The growth of the Latino community in Maryland has not been without controversy. The recent rise of ethnic tensions between Latinos and non-Latinos have manifested itself recently in two disturbing issues. The first issue is the so-called amigo shopping.1 This practice refers to the assaults and robberies Latino service laborers suffer after they finish work late at night and are on their way home. Because most migrants use public transportation and walk to their homes after work, they are easy prey to robbers who steal their money hoping that the crime will never be reported for fear of deportation, or simply because the workers do not communicate fluently in English.
The second issue involves day laborers. In Maryland most day laborers are Central Americans working in construction-related jobs, such as construction proper, landscaping, and moving services. They are hired repeatedly by the same contractor or subcontractor, and they report incidents related to collecting their salaries. Besides the controversy regarding fair labor and hiring conditions, other minorities, primarily African Americans, have also accused day laborers of taking jobs away from them and lowering salaries in service jobs. Mainstream populations have complained that areas where day laborers congregate are usually unsafe. For these reasons, how to resolve problems with this sector of the Latino population has become a fierce political issue.

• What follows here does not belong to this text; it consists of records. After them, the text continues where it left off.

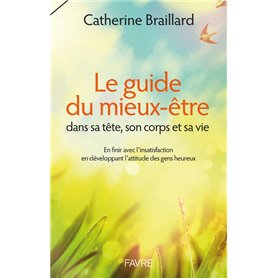 Le Guide du mieux-être dans sa tête, son corps et sa vie - En finir avec l'insatisfaction en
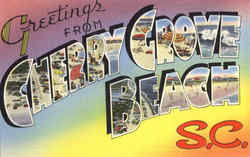 Greetings From Cherry Grove Beach South Carolina Postcard Postcard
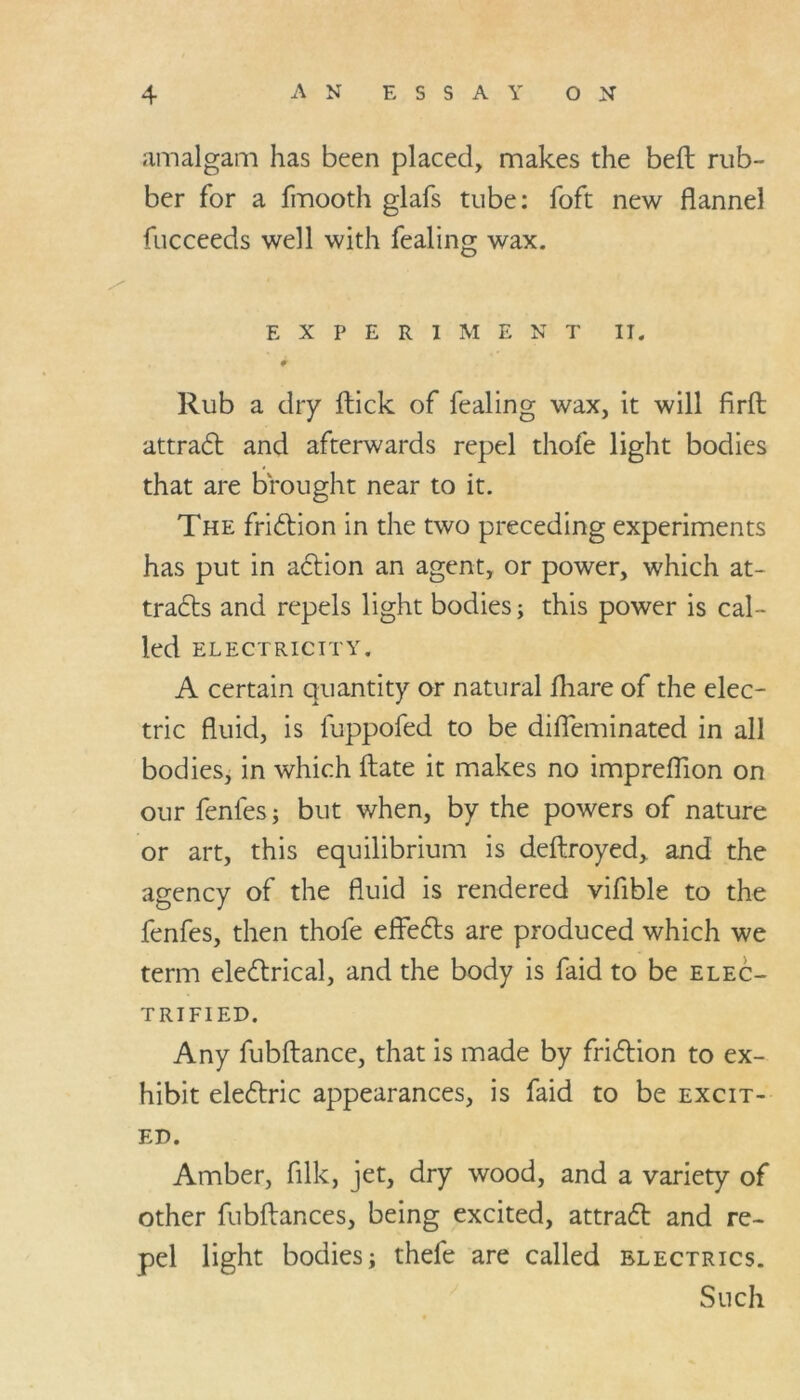 amalgam has been placed, makes the befl rub- ber for a fmooth glafs tube: foft new flannel fucceeds well with fealing wax. EXPERIMENT II. Rub a dry flick of fealing wax, it will firft attraCt and afterwards repel thofe light bodies that are brought near to it. The friction in the two preceding experiments has put in action an agent, or power, which at- tracts and repels light bodies; this power is cal- led ELECTRICITY. A certain quantity or natural fhare of the elec- tric fluid, is luppofed to be difleminated in all bodies, in which flate it makes no impreflion on our fenfes; but when, by the powers of nature or art, this equilibrium is deftroyed, and the agency of the fluid is rendered vifible to the fenfes, then thofe effeCts are produced which we term electrical, and the body is faid to be elec- trified. Any fubflance, that is made by friction to ex- hibit eleCtric appearances, is faid to be excit- ed. Amber, filk, jet, dry wood, and a variety of other fubftances, being excited, attraCt and re- pel light bodies; thefe are called electrics. Such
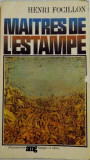 MAITRES DE L&#039; ESTAMPE par HENRI FOCILLON , 1969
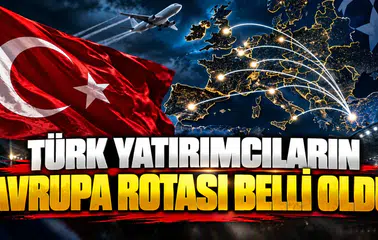 Türk yatırımcıların Avrupa rotası belli oldu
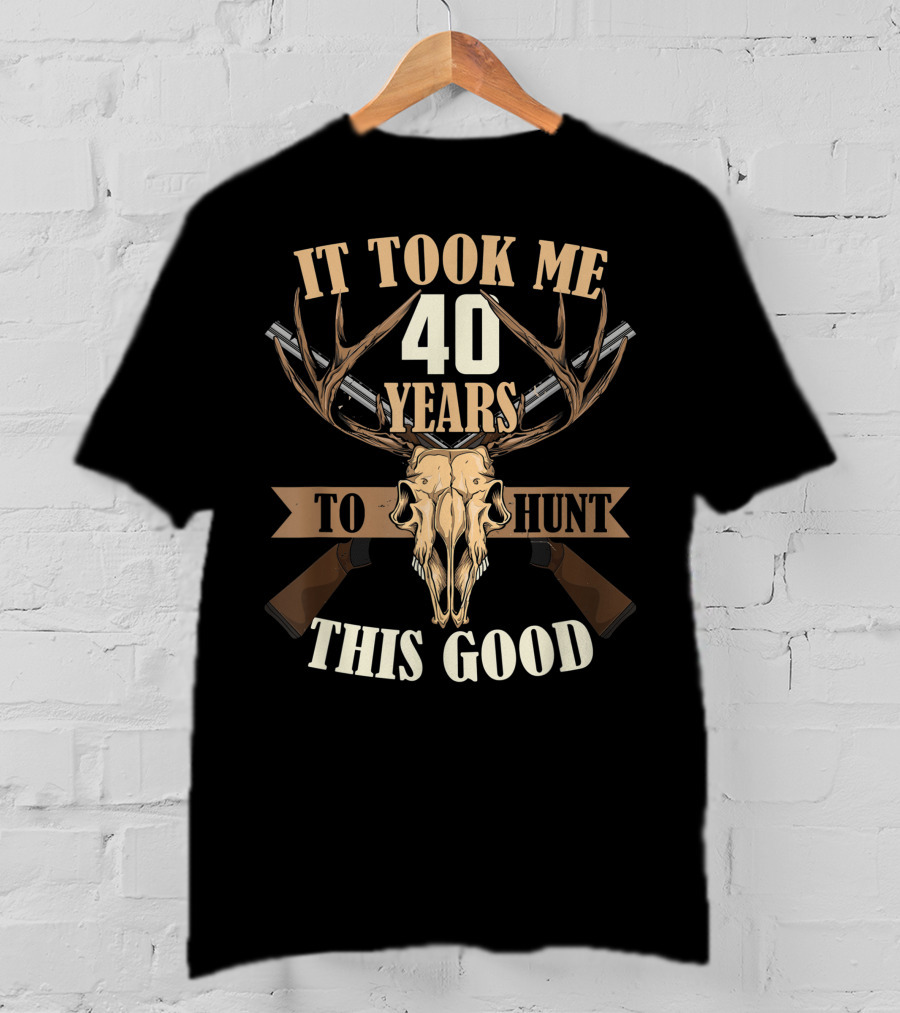 It Took Me 40 Years To Hunt This Good Deer Hunting Stag Buck Hunt T-Shirt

Yet, despite these obstacles, the Latino community has made tremendous strides in recent years. Politically, no gubernatorial candidate in the state can win without the Latino support. For this reason, both Republicans and Democrats are battling for the heart and soul of the Latino community. This is evident in the recent debate over illegal migration, in which Maryland officials have taken a less confrontational position than their counterparts in neighboring Virginia. In Baltimore, Montgomery, and Prince George counties Latino groups have established a presence that cannot be easily erased. The number of Latino organizations in Maryland listed in the National Directory of Hispanic Organizations is comparable to the number of such organizations in any other state in the nation.